Air Force cancels $5.3B cyber contract after overwhelming response
With more than 250 proposals received, the Air Force said that was too many for a manageable evaluation process.
As I started looking into the Air Force’s decision to cancel a potential $5.3 billion cybersecurity contract, I thought about making jokes or at least offering up some ridicule.
The Air Force basically said they were overwhelmed with responses and weren’t in a position to process the more than 250 proposals it received.
"It is in neither the U.S. Air Force’s nor industry’s best interest to award far more prime contracts than the program and its supporting workforce can properly administer and for which sufficient competitive opportunities are projected to provide fair opportunity to a significant number of prime contractors," the Air Force said in a Sam.gov posting on Tuesday.
The Air Force basically threw in the towel on the Enterprise Cyber Capabilities contract.
But this isn’t something to joke about. An email I received emphasized that. This cancellation is likely to cause real pain.
Consider the timeline for EC2 and what happens during the months between a draft solicitation and the due date for proposals.
The presolicitation was released in March 2022. Six months later, the final solicitation went live with proposals due in January 2023. Along the way, there were multiple amendments and updates.
Final proposals were submitted in January. Until the cancellation, the Air Force indicated it was in the source selection process.
While the procurement process was moving forward, industry was at work forming teaming arrangements including joint ventures. Companies of all shapes and sizes spent hundreds of thousands of dollars in proposal and other costs.
Small businesses that pursued the EC2 contract will never recoup that money. There is the issue of the time spent over more than a year on this competition that never was. All lost.
To add insult to injury, the Air Force included this line in their cancellation announcement:
“The interest and investment of industry partners is appreciated.” That sounds so nice, doesn’t it?
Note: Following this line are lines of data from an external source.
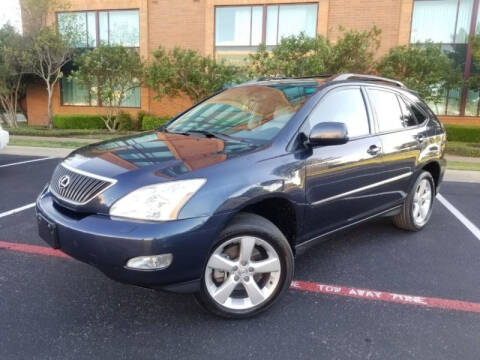 2006 Lexus RX 330 for sale at Austin Auto Planet LLC in Austin TX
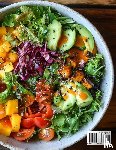 Johnson, Kelly - 50 A World of Salads Recipes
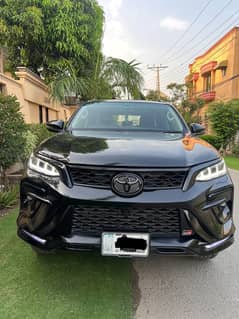Fortuner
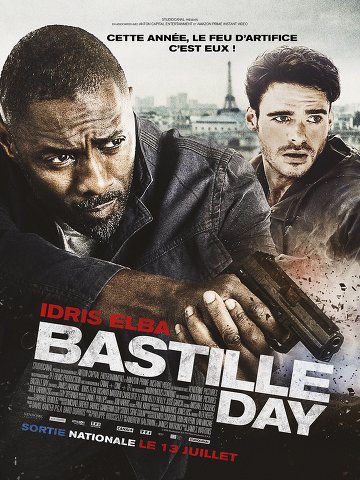 Bastille Day TRUEFRENCH DVDRIP 2016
I’ve reached out to the Air Force for comment with no luck so far.
In its cancellation notice, the Air Force says it considered amending the solicitation but the changes would have been significant and “thus required AMIC to reissue the solicitation and industry to incur additional proposal costs.”
The question now is what happens next. Will there be a new contract? Or will the Air Force turn to existing vehicles to meet these cybersecurity needs because the needs aren’t going away.
EC2 was intended for command-and-control, planning and operations, vulnerability research, full-spectrum testing, software and tool development, modeling and simulation, and threat assessment.